What you are asked to do: Every line below is to be set down again exactly; any image stays out.

[Provided data Boundary: Start]

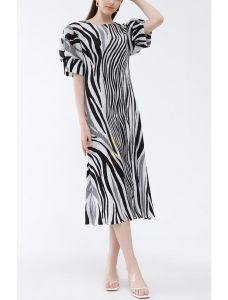 Aiden001 サマー ヘアスタイル ヘビーズブランド フィンガーレス ランネードスリーブ 女性 エイジアップ ラインドレス ドレス 6131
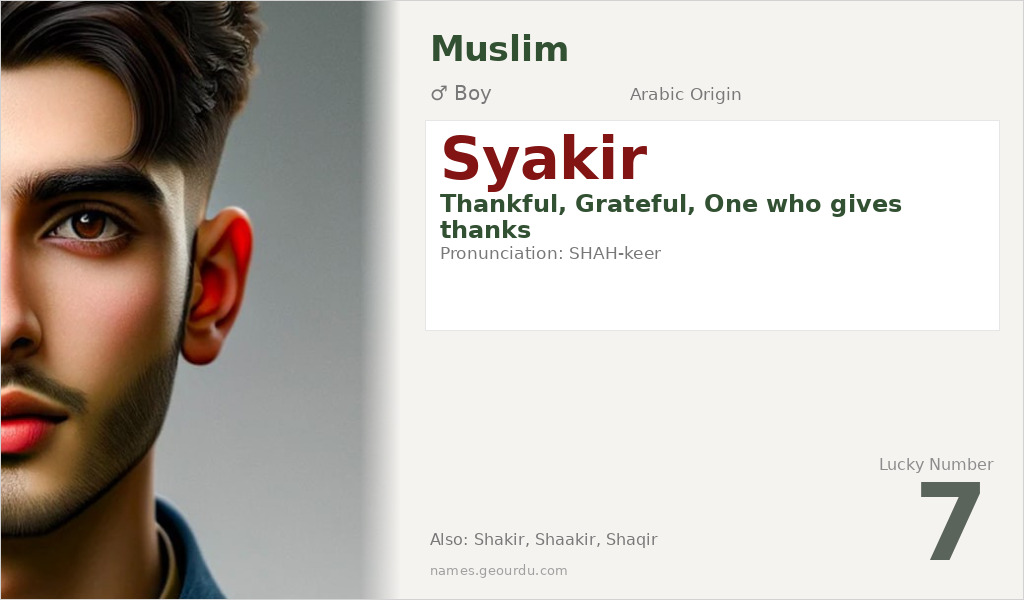 Syakir Name Meaning and Details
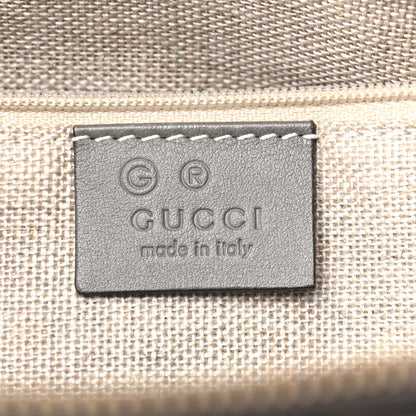 Gucci Soft Microguccissima Small Zippered Satchel Loess 6 of 12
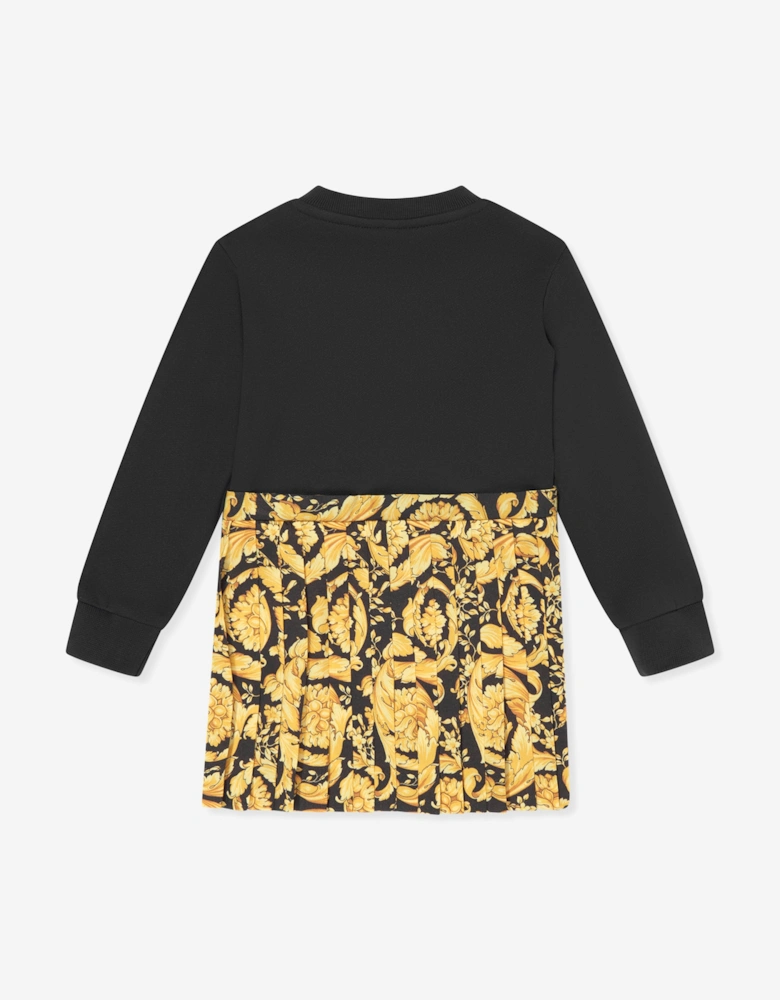 Baby Girls Barocco Sweater Dress in Black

[Provided data Boundary: End]

Response area:
 Aiden001 サマー ヘアスタイル ヘビーズブランド フィンガーレス ランネードスリーブ 女性 エイジアップ ラインドレス ドレス 6131
 Syakir Name Meaning and Details
 Gucci Soft Microguccissima Small Zippered Satchel Loess 6 of 12
 Baby Girls Barocco Sweater Dress in Black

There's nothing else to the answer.